31 March 2013. Drumbo ON. and Hamilton ON. I started the day with a teenager-delivery-run, taking our Chilean exchange student to visit a New Zealander friend who is staying some 90 Km. from here. The friend lives on a quiet country road in the heart of Canada’s best dairy farm country, indeed her hosts operate a large and rolling farm where the cows are milked by North America’s first robotic milking system. (Really! As you read this chances are that one of their cows is stepping forward to be milked by a machine; and there’s not a person within a hundred yards!) Having spent some time working on a diary farm I can imagine some of the advantages, I never could find a lot of bucolic calm (or charm) squashed between the flanks of cud-chewing, half-ton manure makers.
Farm country means wide-open spaces and long straight roads, so my expectation of interesting bird life wasn’t very high and in any case there was still plenty of snow around and I was supposed to be driving, not birding. But I’m always looking and the drive produced some nice sightings: a fleeting Horned Lark, a male Northern Harrier plunging for prey unknown, hundreds of Tundra Swans gleening spilled corn from the fields surrounding a large ice-rimmed pond and a couple of Northern Pintails and some Mallards in that same pond.
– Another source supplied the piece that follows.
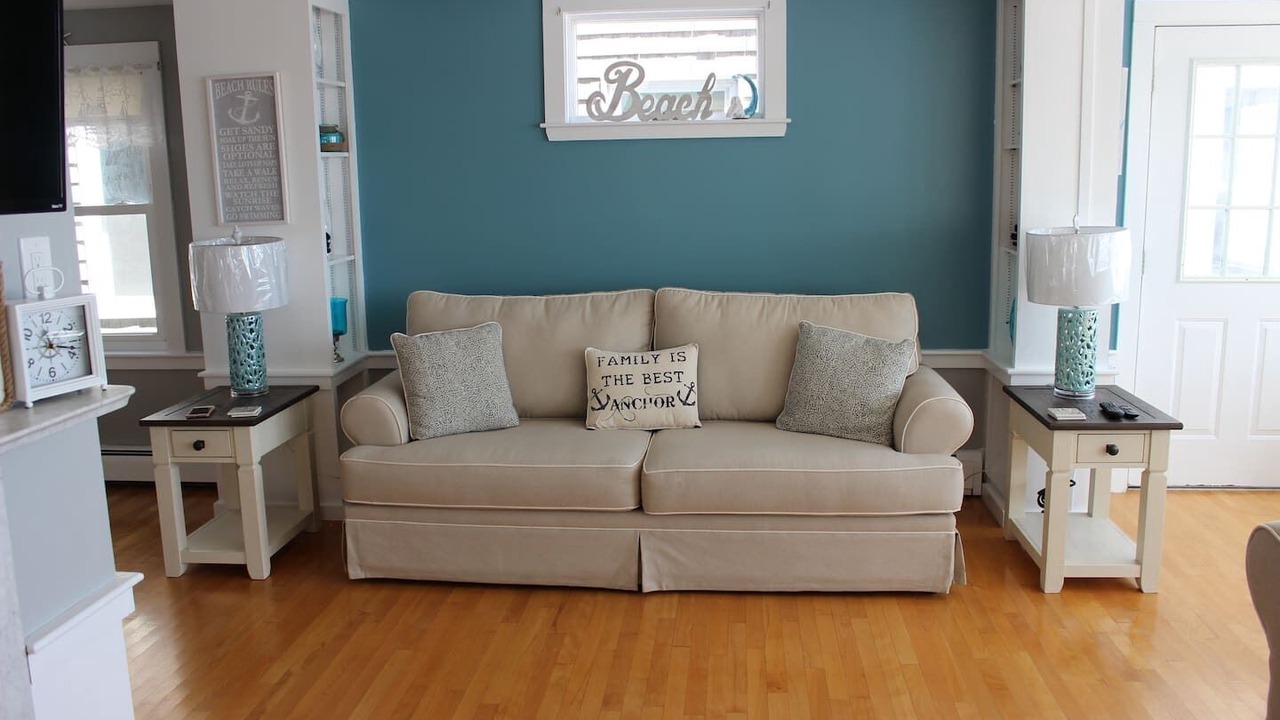 Photo of Others in Salisbury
Delivery complete, I hurried home in time to take a turn at the Bald Eagle watch. It was interesting enough on its own, but a pair of American Widgeon puddling around on some nearby mudflats were rather engaging and a constant stream of northbound migrant Turkey Vultures dotted the spring sky. The parent eagles became quite agitated about an immature, perhaps a two-year-old, Bald Eagle that appeared high overhead. It turned into quite a mini-drama when the intruder hung around far too long and far too close, and after some deliberate circling and maneuvering, like dogs greeting each other uncertainly, it was driven off by one of the parent birds.
Many of today’s birds had me drawing breath sharply in appreciation, but Bird of the Day among this liberal sprinkling of happy sightings was an unexpected Cooper’s Hawk that came sailing through and soared in tight circles low overhead. It was just nice of it to allow us the time to assess its size and profile, enough to separate it from its smaller lookalike the Sharp-shinned Hawk.